First, the researchers knew what to look for because they are highly trained experts in the field of machine learning. To refer back to the flying analogy, they are more Jimmy Doolittle than undergraduate pilot training student.

The second is that the seriousness of the risk that accompanies failures in AI is dependent upon the context. Suppose a machine-learning system is trained to recognize different kinds of receipts and to pull the relevant data from the receipt and log it in a database, saving time on processing travel vouchers. The cost of failure is relatively low. It might mean the office loses some of the potential manpower savings because human agents have to conduct quality assurance or because some users will manually have to input the data retroactively. But now imagine a case in which a machine-learning system is trained on old promotion data to rank servicemembers in order of merit before a promotion board. The old promotion data is likely to include biases. The consequences of failure here are much higher — the people who ought to be promoted might not be. People might be disenfranchised based on factors that ought to be irrelevant to promotion.

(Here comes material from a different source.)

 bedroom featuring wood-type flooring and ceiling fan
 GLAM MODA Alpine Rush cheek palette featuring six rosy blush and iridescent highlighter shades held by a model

Or, imagine a machine-learning system that is employed in combat to increase a commander’s situational awareness about civilian vehicle traffic compared to military vehicle traffic. Even if that algorithm has no direct connection to the kill chain, the commander’s understanding of the world will be at least partly shaped by its inputs. Ultimately, the cost of failure of the machine-learning system might be very high. And like the pilot flying on instruments, the operator’s ability to recognize faults and mitigate risk will depend on the operator’s education and training in the relevant technology. Will the commander know enough about the machine learning behind the traffic app’s user interface to recognize if it’s malfunctioning?

Developing an AI-Ready Workforce

This is a workforce development challenge, and it demands a workforce development solution. Just as enterprising instructor pilots had to develop new ways of teaching student pilots how to use and when to trust (and when not to trust) their instruments, enterprising professionals from across the Department of Defense will need to develop new ways of teaching military practitioners how to use and when to trust AI and machine-learning applications. They don’t all need to be Jimmy Doolittle Ph.D.s, though the department certainly needs some of those too. Instead, the military needs professionals who are experts in their own career fields and in the tactical employment of their own weapons systems but who also understand AI and machine learning well enough to identify its best uses — and especially to teach others how to mitigate risks in their specific areas of expertise.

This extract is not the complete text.